* _Materials provided_:
= Beginning of Section =
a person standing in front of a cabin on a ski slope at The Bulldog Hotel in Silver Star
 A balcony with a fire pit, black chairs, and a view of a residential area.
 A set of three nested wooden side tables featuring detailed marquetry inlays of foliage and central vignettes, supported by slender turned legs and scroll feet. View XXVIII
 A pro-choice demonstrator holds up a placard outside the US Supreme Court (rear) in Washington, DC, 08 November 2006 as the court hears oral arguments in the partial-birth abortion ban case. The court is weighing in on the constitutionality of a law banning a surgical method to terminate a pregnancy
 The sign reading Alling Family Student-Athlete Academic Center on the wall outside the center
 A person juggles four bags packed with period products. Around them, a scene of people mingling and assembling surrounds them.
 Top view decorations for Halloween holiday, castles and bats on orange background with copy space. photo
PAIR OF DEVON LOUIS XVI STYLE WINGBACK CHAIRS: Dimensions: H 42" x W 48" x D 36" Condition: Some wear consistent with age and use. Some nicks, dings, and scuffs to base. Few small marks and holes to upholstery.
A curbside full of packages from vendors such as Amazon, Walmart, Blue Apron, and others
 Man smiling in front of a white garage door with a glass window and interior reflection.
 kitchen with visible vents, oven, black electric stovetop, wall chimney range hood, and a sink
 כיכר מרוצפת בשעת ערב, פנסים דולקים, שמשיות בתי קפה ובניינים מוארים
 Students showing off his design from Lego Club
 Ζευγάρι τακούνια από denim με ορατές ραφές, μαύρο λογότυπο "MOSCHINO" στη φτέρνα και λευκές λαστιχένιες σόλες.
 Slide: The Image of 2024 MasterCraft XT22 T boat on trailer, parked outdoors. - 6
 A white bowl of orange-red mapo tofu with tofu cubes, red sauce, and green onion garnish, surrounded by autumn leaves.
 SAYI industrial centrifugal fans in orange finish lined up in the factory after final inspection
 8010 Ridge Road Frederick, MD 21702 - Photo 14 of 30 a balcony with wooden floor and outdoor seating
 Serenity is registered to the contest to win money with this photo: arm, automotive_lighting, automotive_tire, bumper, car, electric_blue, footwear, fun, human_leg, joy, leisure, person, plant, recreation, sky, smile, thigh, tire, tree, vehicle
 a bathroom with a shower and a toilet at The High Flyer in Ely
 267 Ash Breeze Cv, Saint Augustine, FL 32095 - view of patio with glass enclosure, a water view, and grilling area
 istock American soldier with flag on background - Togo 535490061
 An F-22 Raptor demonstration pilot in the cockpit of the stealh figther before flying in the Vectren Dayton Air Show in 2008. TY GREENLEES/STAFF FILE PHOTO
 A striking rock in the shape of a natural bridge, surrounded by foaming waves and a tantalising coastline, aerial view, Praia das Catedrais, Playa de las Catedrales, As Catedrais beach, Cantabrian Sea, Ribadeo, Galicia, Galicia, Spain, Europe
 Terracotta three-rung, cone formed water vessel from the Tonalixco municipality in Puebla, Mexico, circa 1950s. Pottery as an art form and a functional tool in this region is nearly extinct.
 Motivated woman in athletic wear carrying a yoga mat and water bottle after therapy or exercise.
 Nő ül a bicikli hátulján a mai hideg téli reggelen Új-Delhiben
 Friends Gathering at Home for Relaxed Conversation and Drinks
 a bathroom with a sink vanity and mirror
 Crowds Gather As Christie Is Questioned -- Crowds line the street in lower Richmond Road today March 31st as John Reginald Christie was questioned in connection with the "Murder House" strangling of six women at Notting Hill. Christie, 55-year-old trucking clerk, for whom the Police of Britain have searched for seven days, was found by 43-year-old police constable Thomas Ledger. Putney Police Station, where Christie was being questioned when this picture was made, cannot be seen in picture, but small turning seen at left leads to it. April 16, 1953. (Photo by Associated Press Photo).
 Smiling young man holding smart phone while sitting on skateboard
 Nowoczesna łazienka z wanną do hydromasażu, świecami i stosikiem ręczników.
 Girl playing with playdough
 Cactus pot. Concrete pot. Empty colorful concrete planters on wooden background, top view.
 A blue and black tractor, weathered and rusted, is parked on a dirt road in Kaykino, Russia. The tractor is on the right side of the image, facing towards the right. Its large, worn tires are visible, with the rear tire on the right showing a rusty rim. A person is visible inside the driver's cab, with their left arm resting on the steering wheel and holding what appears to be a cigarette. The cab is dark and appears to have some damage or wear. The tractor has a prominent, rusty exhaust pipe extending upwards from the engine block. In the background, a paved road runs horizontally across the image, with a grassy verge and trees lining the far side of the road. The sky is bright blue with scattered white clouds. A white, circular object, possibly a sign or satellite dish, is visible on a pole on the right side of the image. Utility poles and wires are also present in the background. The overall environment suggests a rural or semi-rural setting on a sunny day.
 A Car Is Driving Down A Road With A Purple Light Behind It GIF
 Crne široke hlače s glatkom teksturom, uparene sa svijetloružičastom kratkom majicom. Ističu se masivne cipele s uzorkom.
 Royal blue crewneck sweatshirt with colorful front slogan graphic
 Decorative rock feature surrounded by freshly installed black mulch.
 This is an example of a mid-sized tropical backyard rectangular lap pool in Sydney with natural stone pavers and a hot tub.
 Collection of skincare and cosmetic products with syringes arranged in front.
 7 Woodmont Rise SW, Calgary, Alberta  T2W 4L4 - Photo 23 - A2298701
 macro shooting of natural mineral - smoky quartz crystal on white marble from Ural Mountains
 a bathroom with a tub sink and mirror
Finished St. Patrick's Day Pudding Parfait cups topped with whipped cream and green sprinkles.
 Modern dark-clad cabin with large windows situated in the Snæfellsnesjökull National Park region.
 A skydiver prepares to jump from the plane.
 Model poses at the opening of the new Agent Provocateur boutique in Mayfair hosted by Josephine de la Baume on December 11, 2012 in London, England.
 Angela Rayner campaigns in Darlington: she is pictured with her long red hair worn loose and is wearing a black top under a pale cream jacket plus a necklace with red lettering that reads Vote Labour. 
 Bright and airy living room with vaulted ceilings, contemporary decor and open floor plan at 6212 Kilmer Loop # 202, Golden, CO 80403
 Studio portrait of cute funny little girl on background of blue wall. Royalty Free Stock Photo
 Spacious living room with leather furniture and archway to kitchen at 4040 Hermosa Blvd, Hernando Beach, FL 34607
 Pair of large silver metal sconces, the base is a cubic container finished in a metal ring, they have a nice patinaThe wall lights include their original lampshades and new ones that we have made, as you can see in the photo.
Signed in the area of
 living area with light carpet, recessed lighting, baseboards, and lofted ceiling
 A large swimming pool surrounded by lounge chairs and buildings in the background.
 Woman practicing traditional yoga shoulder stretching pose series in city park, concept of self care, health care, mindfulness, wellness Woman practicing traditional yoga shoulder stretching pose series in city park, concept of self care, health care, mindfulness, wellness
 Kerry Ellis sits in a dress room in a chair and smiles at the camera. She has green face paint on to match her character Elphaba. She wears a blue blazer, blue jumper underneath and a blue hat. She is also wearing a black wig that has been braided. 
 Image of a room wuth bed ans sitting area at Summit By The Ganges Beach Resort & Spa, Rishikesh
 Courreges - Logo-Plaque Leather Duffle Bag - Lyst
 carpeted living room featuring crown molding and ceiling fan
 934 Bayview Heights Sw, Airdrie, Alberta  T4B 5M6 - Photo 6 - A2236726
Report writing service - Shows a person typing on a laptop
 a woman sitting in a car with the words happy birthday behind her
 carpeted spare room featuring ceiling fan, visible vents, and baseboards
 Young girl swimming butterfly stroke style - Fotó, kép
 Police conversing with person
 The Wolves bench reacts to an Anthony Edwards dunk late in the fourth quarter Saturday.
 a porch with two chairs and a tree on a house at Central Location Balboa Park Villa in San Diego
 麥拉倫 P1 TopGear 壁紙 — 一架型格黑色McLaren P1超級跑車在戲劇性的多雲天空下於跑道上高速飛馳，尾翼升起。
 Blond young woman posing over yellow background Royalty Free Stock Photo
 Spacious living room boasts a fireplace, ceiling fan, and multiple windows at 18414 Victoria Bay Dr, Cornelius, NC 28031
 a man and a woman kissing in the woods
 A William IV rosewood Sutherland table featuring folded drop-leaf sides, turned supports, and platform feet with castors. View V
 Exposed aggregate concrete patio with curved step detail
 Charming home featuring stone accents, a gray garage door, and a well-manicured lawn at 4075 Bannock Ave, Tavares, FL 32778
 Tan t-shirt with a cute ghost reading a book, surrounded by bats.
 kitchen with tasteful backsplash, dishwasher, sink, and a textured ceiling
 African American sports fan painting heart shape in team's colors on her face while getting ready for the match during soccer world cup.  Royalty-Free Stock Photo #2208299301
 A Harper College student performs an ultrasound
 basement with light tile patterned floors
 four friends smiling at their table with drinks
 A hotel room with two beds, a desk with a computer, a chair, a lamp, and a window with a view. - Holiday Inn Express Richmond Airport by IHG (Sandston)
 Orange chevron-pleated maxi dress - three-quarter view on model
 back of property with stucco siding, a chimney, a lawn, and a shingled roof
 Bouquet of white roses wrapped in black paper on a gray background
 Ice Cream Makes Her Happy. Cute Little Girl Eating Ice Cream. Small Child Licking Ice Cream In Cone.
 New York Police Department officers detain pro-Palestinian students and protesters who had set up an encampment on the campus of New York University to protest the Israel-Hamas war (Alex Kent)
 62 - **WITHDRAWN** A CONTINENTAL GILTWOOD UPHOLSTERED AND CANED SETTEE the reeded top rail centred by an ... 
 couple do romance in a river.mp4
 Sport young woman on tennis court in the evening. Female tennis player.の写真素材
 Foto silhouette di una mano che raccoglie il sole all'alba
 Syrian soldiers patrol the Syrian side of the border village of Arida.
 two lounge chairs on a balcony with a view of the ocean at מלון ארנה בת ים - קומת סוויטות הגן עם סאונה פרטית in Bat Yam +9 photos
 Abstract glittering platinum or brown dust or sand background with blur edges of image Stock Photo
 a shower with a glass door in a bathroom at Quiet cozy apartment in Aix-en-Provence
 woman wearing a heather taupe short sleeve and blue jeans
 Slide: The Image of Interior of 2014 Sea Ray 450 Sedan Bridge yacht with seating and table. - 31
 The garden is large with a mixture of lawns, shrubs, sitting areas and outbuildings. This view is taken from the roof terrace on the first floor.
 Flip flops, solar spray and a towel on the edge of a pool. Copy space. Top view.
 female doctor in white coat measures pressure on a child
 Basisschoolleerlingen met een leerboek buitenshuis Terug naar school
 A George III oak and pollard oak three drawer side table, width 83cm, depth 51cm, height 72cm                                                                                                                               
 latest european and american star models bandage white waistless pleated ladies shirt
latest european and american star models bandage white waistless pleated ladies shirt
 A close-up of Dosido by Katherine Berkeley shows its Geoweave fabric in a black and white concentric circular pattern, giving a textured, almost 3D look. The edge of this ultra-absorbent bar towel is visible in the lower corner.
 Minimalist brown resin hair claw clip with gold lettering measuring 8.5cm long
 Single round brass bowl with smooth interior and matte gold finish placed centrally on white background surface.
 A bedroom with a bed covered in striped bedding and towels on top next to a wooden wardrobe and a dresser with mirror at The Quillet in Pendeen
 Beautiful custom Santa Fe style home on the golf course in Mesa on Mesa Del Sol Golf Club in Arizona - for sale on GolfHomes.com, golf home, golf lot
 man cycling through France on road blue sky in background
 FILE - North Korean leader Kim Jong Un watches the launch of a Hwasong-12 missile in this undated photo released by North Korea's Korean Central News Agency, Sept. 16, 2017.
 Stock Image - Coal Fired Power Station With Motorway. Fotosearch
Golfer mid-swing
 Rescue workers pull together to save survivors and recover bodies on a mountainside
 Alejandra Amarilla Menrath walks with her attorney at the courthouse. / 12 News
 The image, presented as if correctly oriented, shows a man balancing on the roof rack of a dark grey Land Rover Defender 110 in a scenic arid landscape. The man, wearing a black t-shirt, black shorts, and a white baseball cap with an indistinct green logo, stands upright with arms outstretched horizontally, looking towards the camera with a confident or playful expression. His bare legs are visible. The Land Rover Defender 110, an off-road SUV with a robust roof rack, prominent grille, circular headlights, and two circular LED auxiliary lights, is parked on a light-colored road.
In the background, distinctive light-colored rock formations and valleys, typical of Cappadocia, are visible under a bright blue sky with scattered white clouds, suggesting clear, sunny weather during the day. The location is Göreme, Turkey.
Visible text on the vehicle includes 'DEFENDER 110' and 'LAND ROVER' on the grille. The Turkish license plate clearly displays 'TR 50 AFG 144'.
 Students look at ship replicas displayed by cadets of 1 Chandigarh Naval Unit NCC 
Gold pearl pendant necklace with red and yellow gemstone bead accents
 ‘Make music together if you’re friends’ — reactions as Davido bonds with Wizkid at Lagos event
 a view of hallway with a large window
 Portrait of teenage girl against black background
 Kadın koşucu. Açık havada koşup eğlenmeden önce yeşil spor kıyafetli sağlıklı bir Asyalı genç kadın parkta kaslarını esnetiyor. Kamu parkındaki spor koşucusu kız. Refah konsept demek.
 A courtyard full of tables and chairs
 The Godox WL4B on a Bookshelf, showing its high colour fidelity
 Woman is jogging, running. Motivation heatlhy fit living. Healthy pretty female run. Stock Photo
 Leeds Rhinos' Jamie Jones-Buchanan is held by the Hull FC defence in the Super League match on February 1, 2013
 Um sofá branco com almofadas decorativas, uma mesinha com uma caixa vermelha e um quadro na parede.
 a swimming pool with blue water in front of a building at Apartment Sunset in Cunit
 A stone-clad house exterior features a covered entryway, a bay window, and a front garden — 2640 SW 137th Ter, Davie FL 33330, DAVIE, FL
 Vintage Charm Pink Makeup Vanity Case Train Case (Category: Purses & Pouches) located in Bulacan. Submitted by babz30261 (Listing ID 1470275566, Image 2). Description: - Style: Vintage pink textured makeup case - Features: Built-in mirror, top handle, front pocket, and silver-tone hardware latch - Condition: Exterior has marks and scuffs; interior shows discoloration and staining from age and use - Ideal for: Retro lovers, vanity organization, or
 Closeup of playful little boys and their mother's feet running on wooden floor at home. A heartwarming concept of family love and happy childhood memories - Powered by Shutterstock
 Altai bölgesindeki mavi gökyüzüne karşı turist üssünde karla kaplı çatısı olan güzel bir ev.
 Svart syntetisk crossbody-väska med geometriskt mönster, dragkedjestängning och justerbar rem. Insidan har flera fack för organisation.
= End of Section =
* _Task description_: Copy out every line of the records that the string "waistless" appears in.

* _Solution to this exercise_:
 latest european and american star models bandage white waistless pleated ladies shirt
latest european and american star models bandage white waistless pleated ladies shirt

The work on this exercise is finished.